■ **EXERCISE BRIEF**: Please write out only the lines from the line with "Royal Canin Dog" to the line with "PSOE CLM dice", inclusive, exactly as they stand below, without the pictures.

Captioned web image data:

• • • •

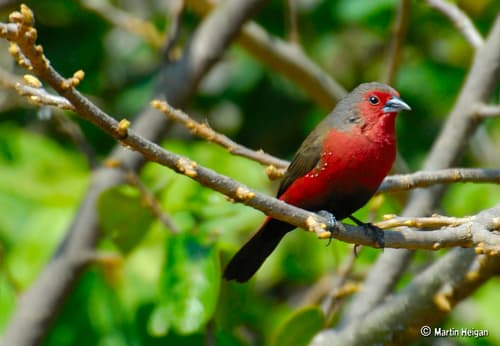 African Firefinch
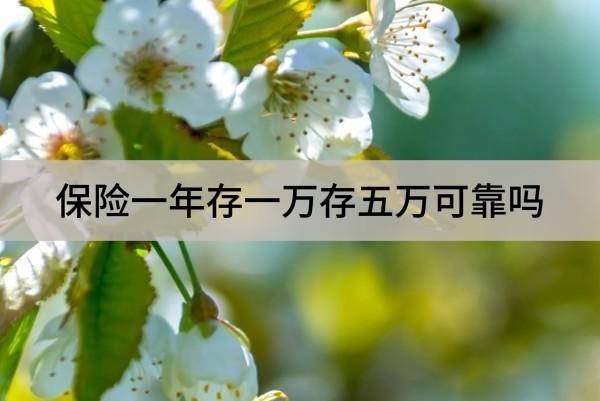 保險(xiǎn)一年存一萬(wàn)存五萬(wàn)可靠嗎？值得買嗎？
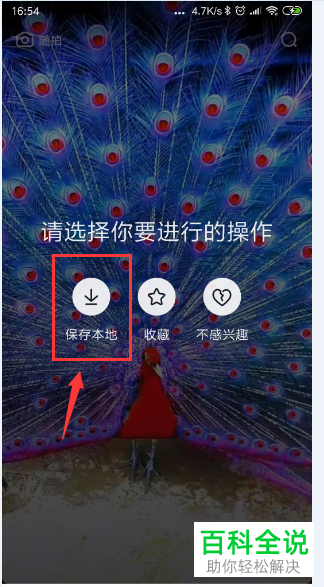 如何将抖音app中的视频设置为手机动态锁屏?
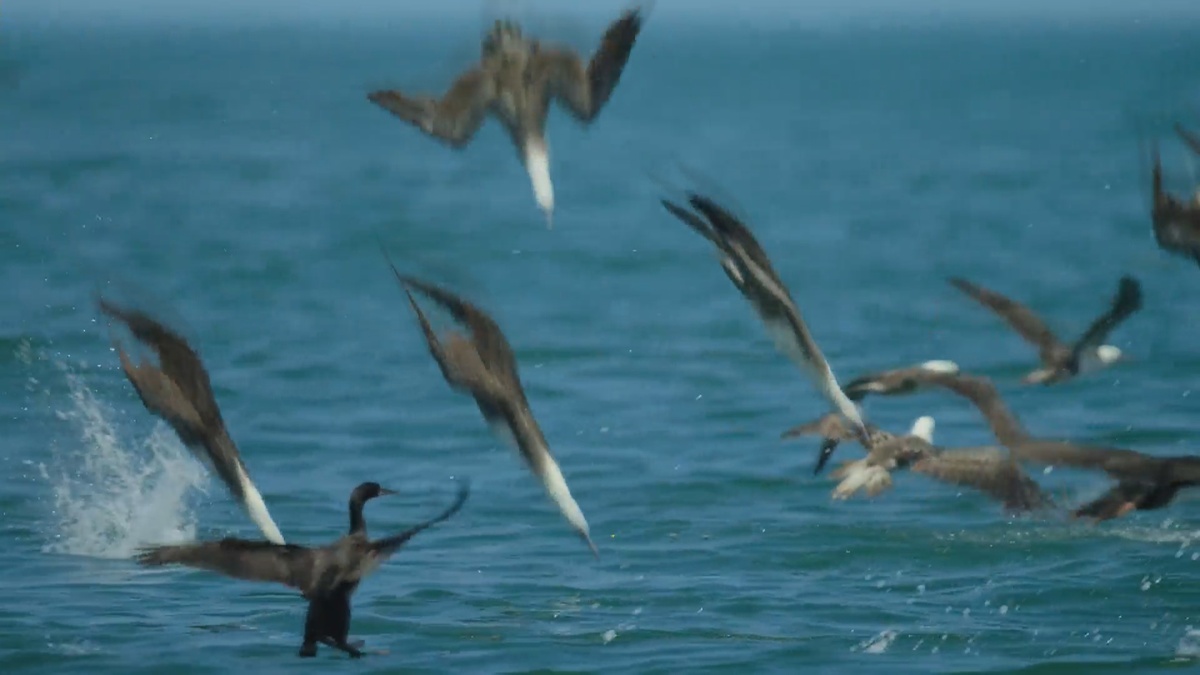 ببینیید| خیره‌کننده‌ترین تصویری که از شکار پرندگان در دریا دیده‌اید/ پنج میلیون پرنده مثل بمب‌افکن در آب شیرجه می‌زنند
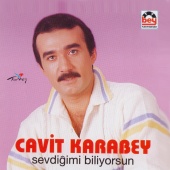 Cavit Karabey - Sevdiğimi Biliyorsun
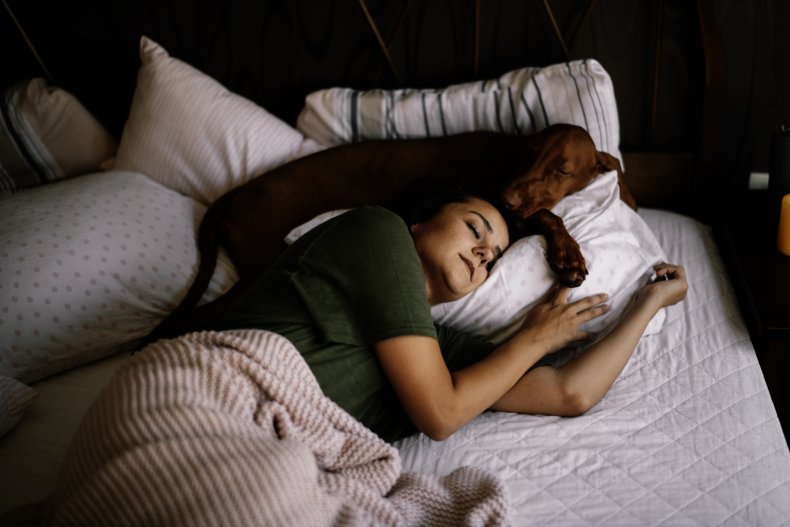 Dog sleeping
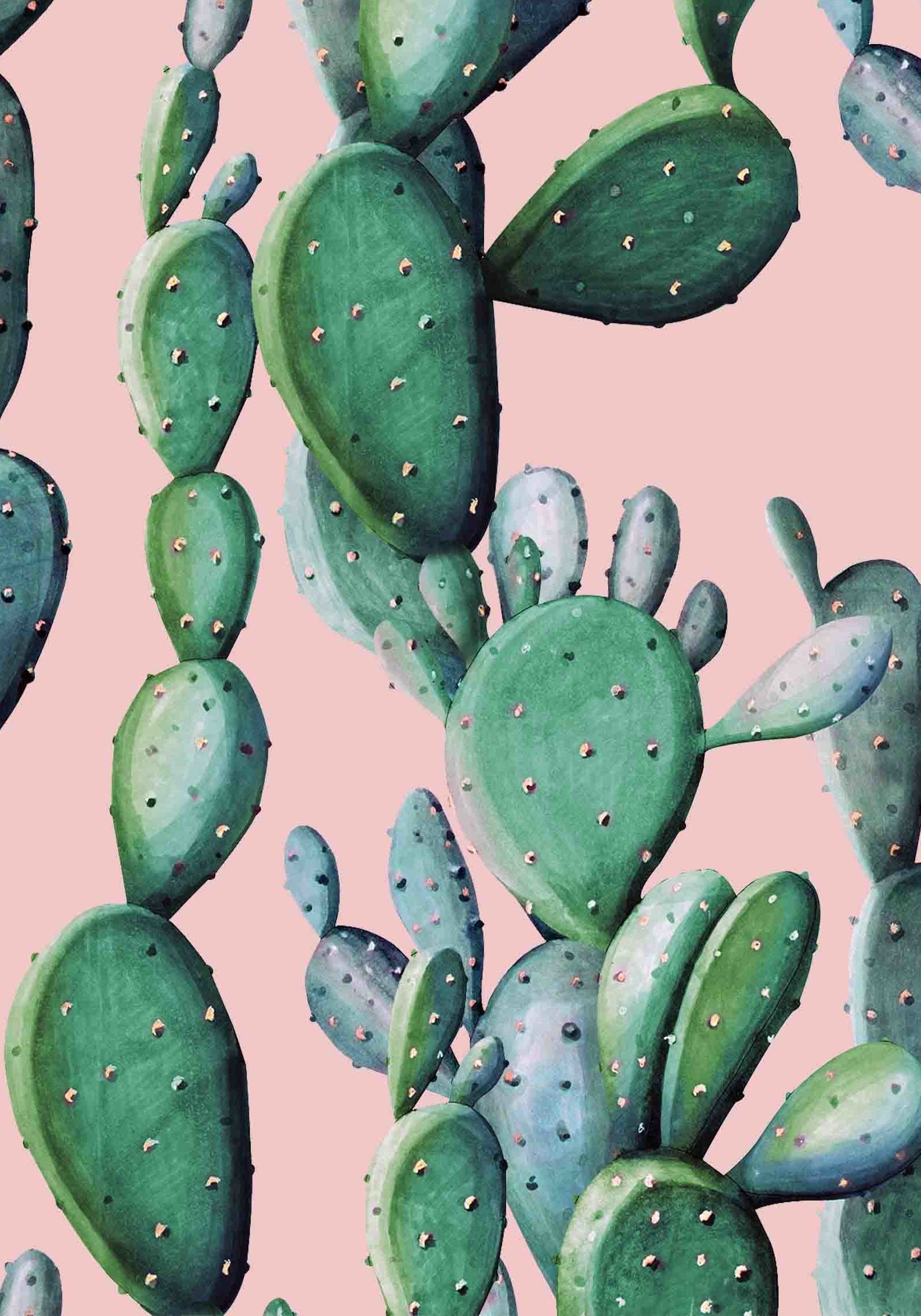 Green Cactus Wallpapers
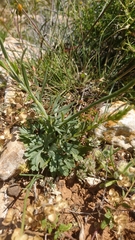 Delphinium peregrinum
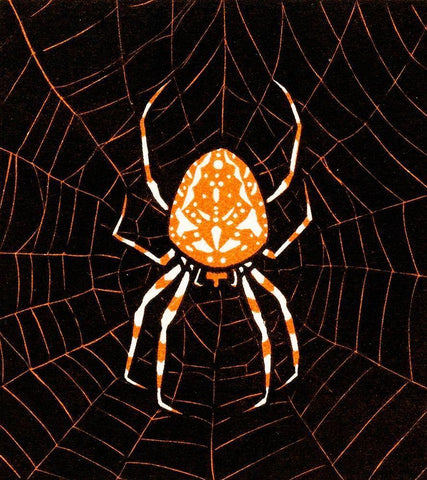 Spider in a webÂ  Black Ornate Wood Framed Art Print with Double Matting by De Graag, Julie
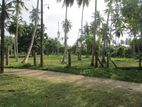 Land for Sale in Hikkaduwa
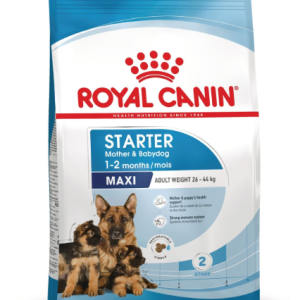 Royal Canin Dog Secco Maxi Starter Mother E Babydog - KG 15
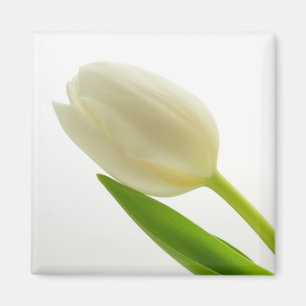 Weiße Tulpe Magnet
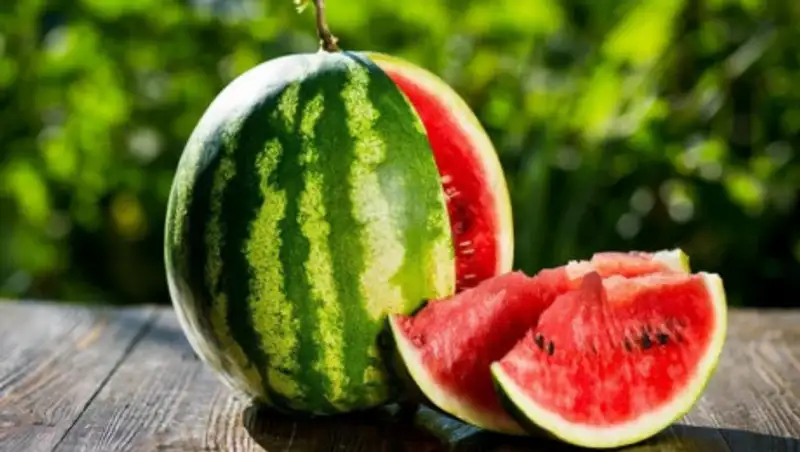 Как правильно выбрать вкусный арбуз и дыню, объяснили специалисты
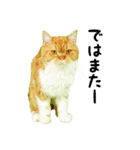 マロンちゃんの可愛いスタンプです！！（個別スタンプ：7）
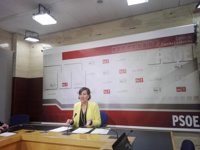 PSOE CLM dice que "no ha avanzado nada concreto con el PP" sobre presupuestos y confía que "se imponga el sentido común"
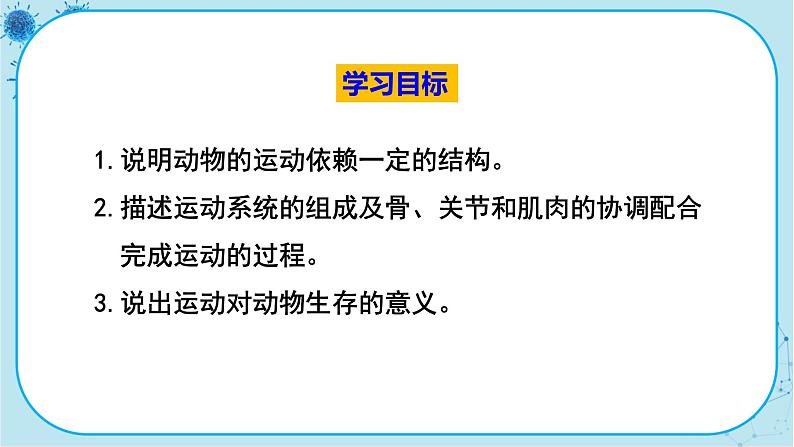 人教版生物八上 第5单元2.1  动物的运动（课件PPT）第3页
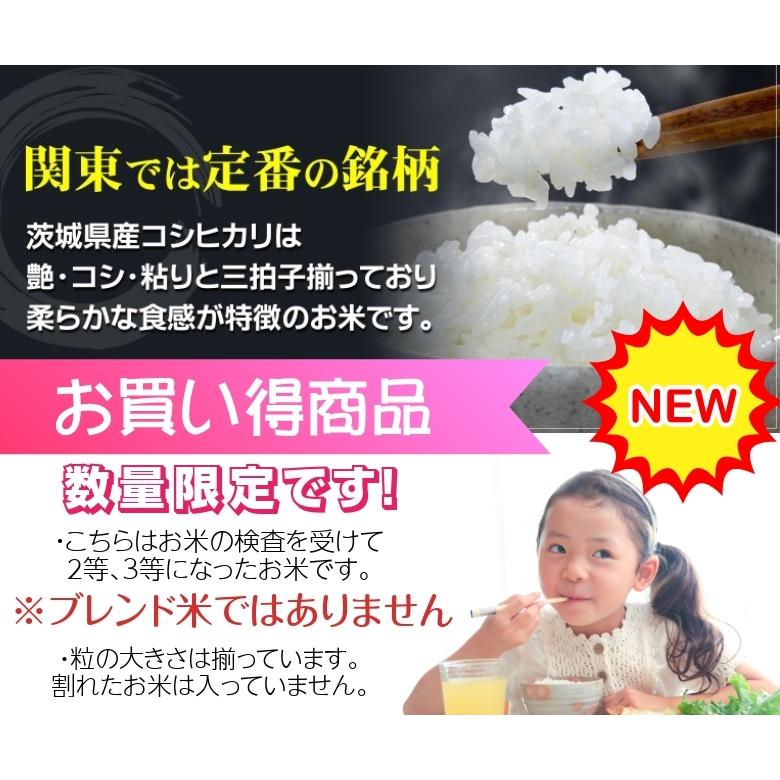 新米 米 10kg お米 コシヒカリ 業務用  茨城県 白米 5年産  送料無料 一部地域除く 梅印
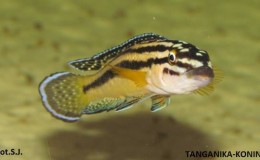 Julidochromis regani Kipili2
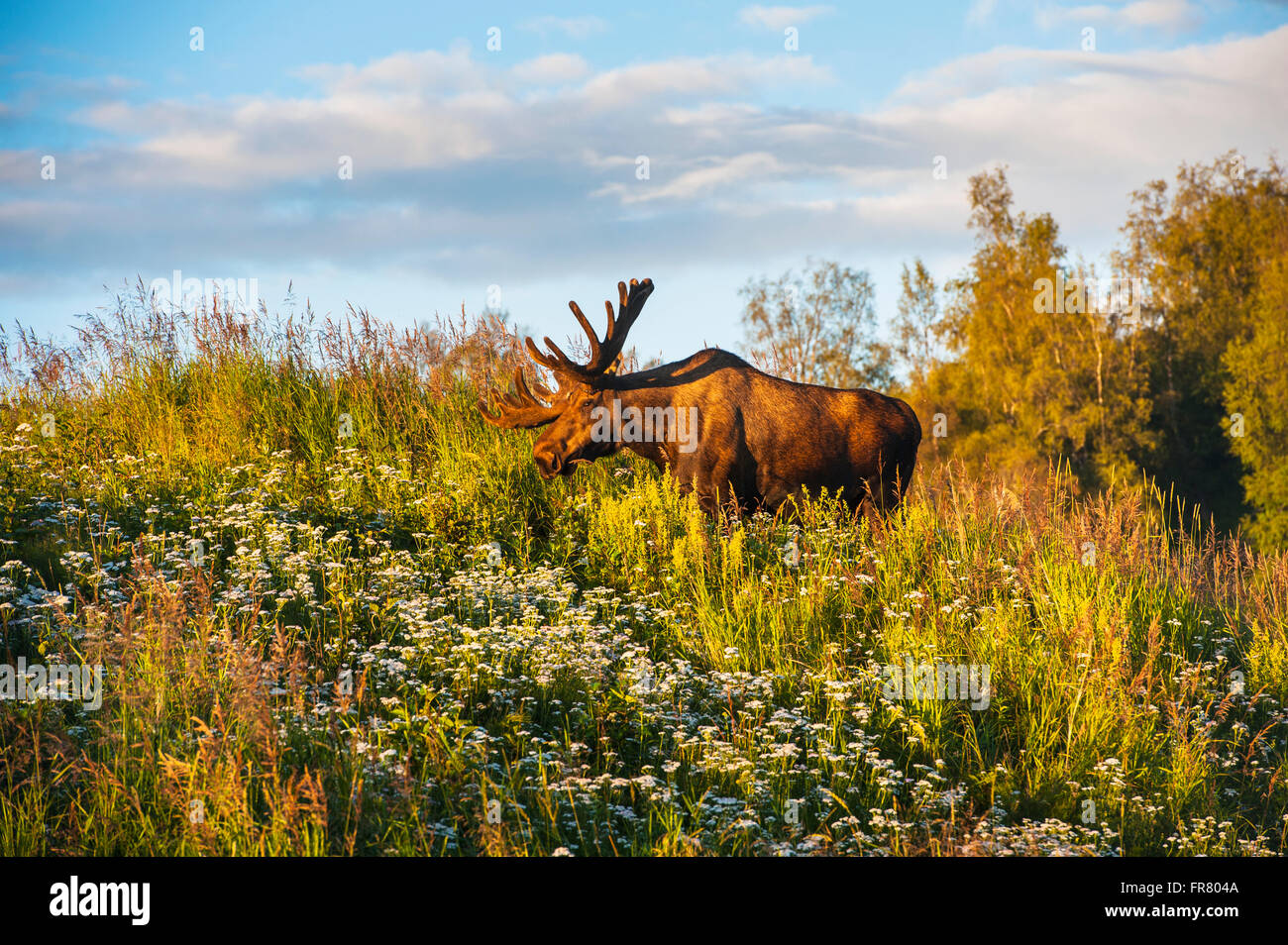 Bull moose in velvet, Kincaid Park, Anchorage, Southcentra Alaska, summer Stock Photo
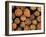 Close-Up of Cut Logs in a Timber Pile, Hassness Wood, Lake District, Cumbria, England, UK-Neale Clarke-Framed Photographic Print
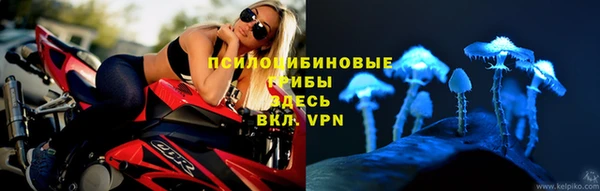 спиды Богородицк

• • • •

■ **SOLUTION TO THE PROBLEM**:
 Royal Canin Dog Secco Maxi Starter Mother E Babydog - KG 15
 Weiße Tulpe Magnet
 Как правильно выбрать вкусный арбуз и дыню, объяснили специалисты
 マロンちゃんの可愛いスタンプです！！（個別スタンプ：7）
 PSOE CLM dice que "no ha avanzado nada concreto con el PP" sobre presupuestos y confía que "se imponga el sentido común"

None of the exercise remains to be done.